4. Stock – As a business that holds trading stock, we recommend that you review your stock prior to 30 June 2024. A taxpayer is allowed to value their stock at the lower of Cost or Net realizable Value (i.e. what the stock is worth). If applicable, review and write-off obsolete stock, and ensure stock take is accurate at 30 June 2024.
5. Directors loan accounts – Division 7A:
For time to time, Directors or associates of a company may borrow funds from the company for private purposes. A company has until the time of lodgement of their tax return (e.g. May 25 for 2024 year) to either receive repayment of the Director loan or establish a Division 7A loan agreement. This agreement sets out the interest rate and repayment terms. The current benchmark interest rate for FY24 is 8.27% (FY23 4.77%) p.a. If either of these are not met, then the company must declare an unfranked dividend to the shareholder which creates a significant tax liability.

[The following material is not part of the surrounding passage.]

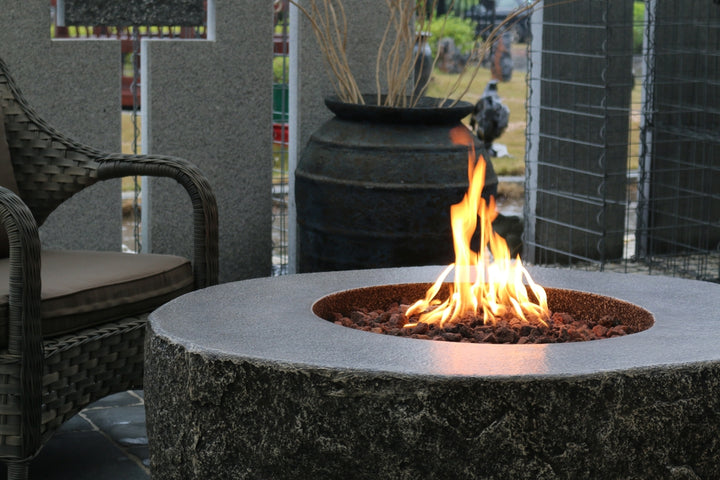 Fiery Rock Outdoor Firepit Table - 50 Inches - Select Fuel Type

6. Declaring Franked dividends: A company has the discretion to declare Dividends at any time during the year. These Dividends can be franked which means that a tax credit is included in the dividend. Dividends must be declared and minuted prior to year-end to be valid.
7. Trust Distributions:
Each year the trustees of a Trust must determine income and capital distributions from a trust. This Distribution minute must be signed off before 30 June each year and specify the beneficiaries that will be allocated each class of income.
We note that recently the ATO has sought to review distributions to adult beneficiaries such as children, and consider these as s100A reimbursement agreements. Broadly, the ATO have concerns that these adult children are not receiving distributions (which are retained in the trust for working capital). If this is applicable, we will discuss appropriate strategies with you.
8. Client Gifts:
A taxpayer who carries on a business is entitled to a deduction for an outgoing incurred on a gift made to a former or current client if the gift is characterised as being made for the purpose of producing future assessable income.
Consider providing gifts to clients in order to retain / attract business. This can form part of a marketing strategy, as well as legitimately providing a tax deduction.
9. Deferring income:
A really simple strategy has always been to consider deferring income until the following financial year by way of deferring invoices.
10. Reviewing debtors:
Taxpayers with outstanding debtors should review them to determine whether any are bad and can be written off prior to 30 June 2024 in order to claim a bad debt deduction. You should record or ‘Minute’ the decision to write-off the debt as uncollectible prior to 30 June 2024. NB This does not prohibit you from still trying to recover this debt at some time in the future.
11. Electric Vehicles are now FBT exempt
Electric cars (not Hybrid cars) will be exempt from FBT from 1 July 2022 as announced in the October 2022 Federal budget. Specifically, this legislation will exempt battery, hydrogen fuel cell and plug-in hybrid electric cars from Fringe Benefits Tax (FBT) and import tariffs. This exemption applies to eligible cars acquired and held for use from 1 July 2022 and have a first retail price below the luxury car tax threshold for fuel-efficient cars (currently $89,332).